The theme for the week was suggested by Narmadha, author of the wonderful blog Nams Corner. I’m in love with this flavourful Paneer Tikka Pizza and this healthy Whole Wheat Cheese Burst Pizza from Narmadha’s blog. Can’t wait to try them out!
How to make Bhakri Pizza
The detailed recipe follows.
Ingredients (makes about 10 pieces):
For the bhakri base:
1 cup whole wheat flour
Salt to taste
1/4 teaspoon turmeric powder
1/2 teaspoon red chilli powder
1 tablespoon oil + more for making the bhakris
For the pizza sauce:
6 medium-sized tomatoes
1 small onion
Salt to taste
Red chilli powder to taste
1 tablespoon of jaggery powder or to taste
About 1/2 tablespoon dried Italian herbs
For the toppings:
1 medium-sized capsicum
1 medium-sized onion
4 tablespoons sweet corn kernels
2 tablespoons red paprika slices or as needed
Grated cheese, as needed
Dried Italian herbs, as needed
1. We will start with preparing the dough for making the bhakris. Take the whole wheat flour in a large mixing bowl. Add in the salt to taste, turmeric powder and red chilli powder. Adding in water little by little, bind into a firm dough. When the dough is ready, add in the 1 tablespoon of oil, and knead a couple more times. Let the dough rest, covered, till we are ready to prepare the pizza, at least 15-20 minutes.
2. Now, we will get the pizza sauce ready. For this, chop the tomatoes into quarters. Peel and chop the onion roughly. Puree the tomatoes and onion together in a mixer, without adding any water. Transfer this puree to a heavy-bottomed pan, and place on high heat. Cook on high flame till the mixture begins to thicken, 4-5 minutes. You will need to stir intermittently to make sure the mixture doesn’t stick to the bottom of the pan. The raw smell of the tomatoes should go away completely. At this stage, add in the salt, red chilli powder and sugar. Cook for a couple of minutes or till it thickens to a spreadable consistency. Switch off the gas and add in the mixed Italian herbs. Allow the pizza sauce to cool down fully.
3. In the meantime, let us get the toppings for the pizza ready. Chop the capsicum length-wise and the onion finely. Grate the cheese and keep it ready. Keep the sliced red paprika slices and sweet corn kernels ready.

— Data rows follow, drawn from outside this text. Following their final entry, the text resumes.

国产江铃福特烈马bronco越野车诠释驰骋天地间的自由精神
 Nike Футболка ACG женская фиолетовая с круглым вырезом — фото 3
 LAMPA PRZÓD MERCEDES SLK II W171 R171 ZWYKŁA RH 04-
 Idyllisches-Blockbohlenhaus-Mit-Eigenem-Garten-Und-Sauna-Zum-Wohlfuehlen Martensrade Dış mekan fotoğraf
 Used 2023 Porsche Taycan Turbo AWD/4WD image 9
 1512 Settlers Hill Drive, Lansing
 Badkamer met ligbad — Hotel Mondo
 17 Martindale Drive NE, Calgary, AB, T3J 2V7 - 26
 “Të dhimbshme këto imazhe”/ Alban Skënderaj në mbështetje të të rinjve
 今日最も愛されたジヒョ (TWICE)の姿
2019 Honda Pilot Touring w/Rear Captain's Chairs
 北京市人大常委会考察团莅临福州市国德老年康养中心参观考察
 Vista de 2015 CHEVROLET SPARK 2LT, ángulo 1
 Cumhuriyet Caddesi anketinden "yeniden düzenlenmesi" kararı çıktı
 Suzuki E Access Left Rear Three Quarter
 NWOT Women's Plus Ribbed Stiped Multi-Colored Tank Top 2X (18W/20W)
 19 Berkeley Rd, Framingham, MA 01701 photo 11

4. Now, we will prepare the bhakris for the pizza base. Place a thick dosa pan on high heat. Divide the dough we prepared earlier into 10 small balls or so. Roll out each ball into a small circle, slightly thicker than a phulkaroti. Prick some holes all over it, on both sides, using a fork – this will ensure that the dough does not puff up and that the bhakri turns out nice and crispy. Place the rolled-out disc on the hot dosa pan, and spread some oil all over it. Cook till brown and crisp on both sides, pressing with a spatula intermittently, ensuring that the bhakri does not burn. Prepare all the bhakris in a similar manner, and allow them to cool down.
5. We will start making the pizza when the bhakris and the sauce have cooled down enough to handle. Now, spread some of the prepared pizza sauce on each bhakri, and lay out the toppings over it. Spread a generous amount of the grated cheese over the toppings. Cook, covered, on low-medium flame on a hot dosa pan for a couple of minutes or till the cheese melts. Serve the Bhakri Pizza immediately, cut into quarters and garnished with some dried Italian herbs.
Tips & Tricks
1. Some families add a bit of fine semolina aka sooji or rava to the wheat flour, to make the bhakri more crispy. We don’t.
2. I have used regular store-bought whole wheat flour here, from Ashirwad. I usually make this with flour ground from whole wheat in a mill, but we haven’t been able to do that in a while and hence the store-bought flour.
3. Some ajwain (carom seeds) can be added to the bhakri dough to make it more flavourful. I don’t, because my daughter doesn’t like it.
4. Use the more tart country (Nati) tomatoes – as opposed to ‘farmed’ ones – to make the sauce. They are more flavourful and make for a delicious sauce.
5. A few cloves of garlic can be added to the sauce too. I have skipped them here.
6. Sugar can be added to the sauce, in place of the jaggery powder. I prefer using the latter. Adjust the quantity as per personal taste preferences.
7. Make sure you cook the bhakris on low-medium flame, till they get nice and crisp. Also, don’t forget to prick the dough on both sides – this is crucial.
8. I have used dried Italian herbs from Keya here. You can even make them from scratch, at home.
9. Use a good-quality cheese to make the pizza as healthy as possible. I have used Akshayakalpa’s organic Aged Cheddar here.
10. Use any veggies that you prefer as toppings for the pizza. Here, I have used whatever I had available. Olives can be added too, but I skipped them since I didn’t have any.
11. Any leftover pizza sauce can be bottled and refrigerated. It stays for 10-12 days when stored this way.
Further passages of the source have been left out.